Department of Cardiology, The Second People's Hospital of Lianyungang, Affiliated to Kangda College of Nanjing Medical University, Lianyungang, China.
Front Cardiovasc Med. 2025 Jun 4;12:1608992. doi: 10.3389/fcvm.2025.1608992. eCollection 2025.
Takotsubo cardiomyopathy (TTC) is frequently misdiagnosed as acute coronary syndrome in elderly patients. This case demonstrates how ECG findings facilitate a noninvasive diagnostic algorithm for TTC, validated by echocardiography and coronary computed tomography angiography (CCTA).

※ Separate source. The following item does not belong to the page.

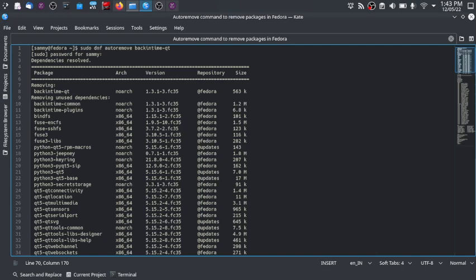Back-in-time is incremental backup software. It takes incremental snapshots of your system, stores them at a given location, and you can restore those snapshots when you need them.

An 88-year-old woman presented with chest tightness and dyspnea after emotional stress (bereavement). Initial ECGs showed the concurrent appearance of ST-segment elevations in anterior (V3-V5) and inferior leads (II, III, aVF), suggesting apical injury and the diagnosis of TTC. Bedside echocardiography revealed apical akinesis with preserved basal contraction (LVEF 35%), while CCTA ruled out obstructive disease. Supportive therapy led to symptom resolution. At 1-year follow-up, LVEF recovered to 61% with normalized ECG.
This case highlights ECG's pivotal role in suspecting TTC, enabling a Noninvasive diagnostic approach (echocardiography + CCTA) for elderly patients.
在老年患者中,应激性心肌病(TTC)常被误诊为急性冠状动脉综合征。本病例展示了心电图表现如何助力TTC的无创诊断算法,并通过超声心动图和冠状动脉计算机断层扫描血管造影(CCTA)得到验证。
一名88岁女性在经历情绪应激(丧亲之痛)后出现胸闷和呼吸困难。最初的心电图显示前壁导联(V3-V5)和下壁导联(II、III、aVF)同时出现ST段抬高,提示心尖部损伤,诊断为TTC。床旁超声心动图显示心尖部运动减弱,基底段收缩功能保留(左心室射血分数35%),而CCTA排除了阻塞性疾病。支持性治疗使症状得到缓解。在1年随访时,左心室射血分数恢复至61%,心电图正常。
本病例突出了心电图在怀疑TTC时的关键作用,为老年患者提供了一种无创诊断方法(超声心动图 + CCTA)。